## Exercise data

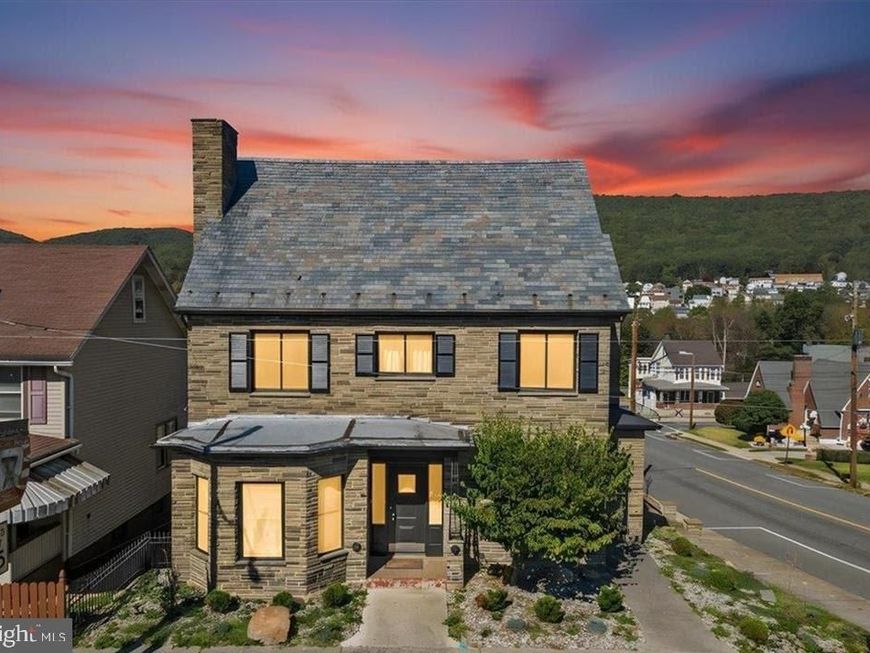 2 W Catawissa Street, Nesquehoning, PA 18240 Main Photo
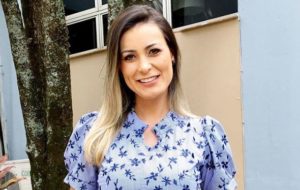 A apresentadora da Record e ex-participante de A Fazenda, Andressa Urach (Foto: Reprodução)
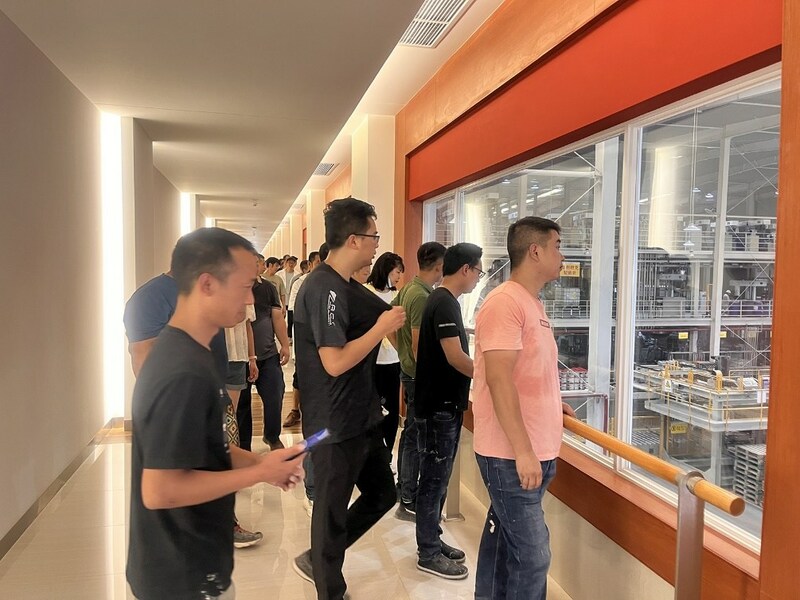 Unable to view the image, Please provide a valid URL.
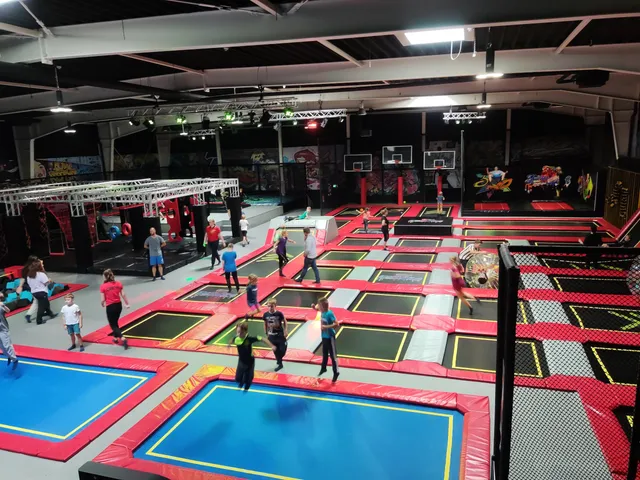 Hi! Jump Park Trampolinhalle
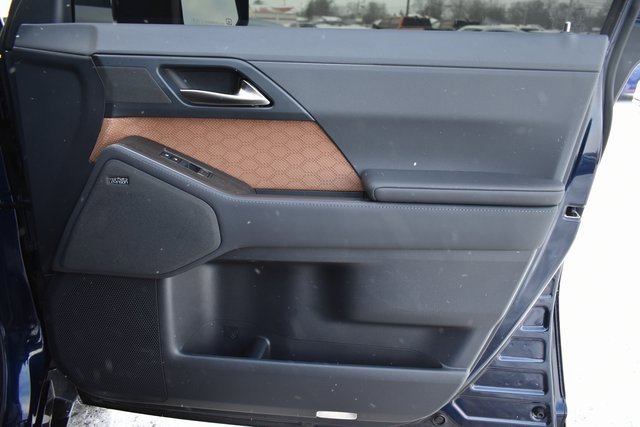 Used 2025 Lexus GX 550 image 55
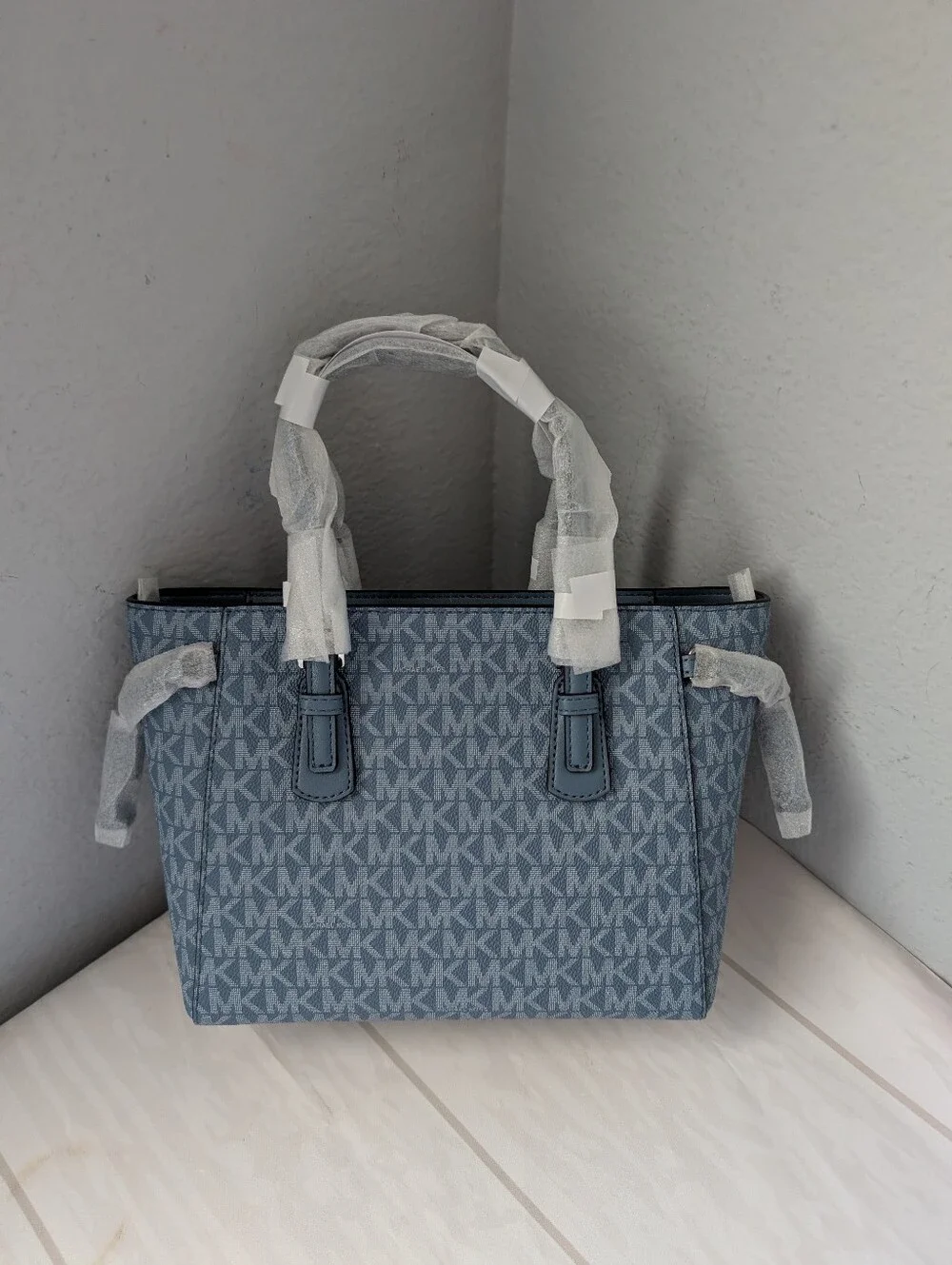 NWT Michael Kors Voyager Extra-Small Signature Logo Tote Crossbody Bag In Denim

## What this task involves
Reproduce the records above exactly, but only from the line containing "Hi! Jump Park Trampolinhalle" through the last line, both included, and without any pictures.

## Task solution
 Hi! Jump Park Trampolinhalle
 Used 2025 Lexus GX 550 image 55
 NWT Michael Kors Voyager Extra-Small Signature Logo Tote Crossbody Bag In Denim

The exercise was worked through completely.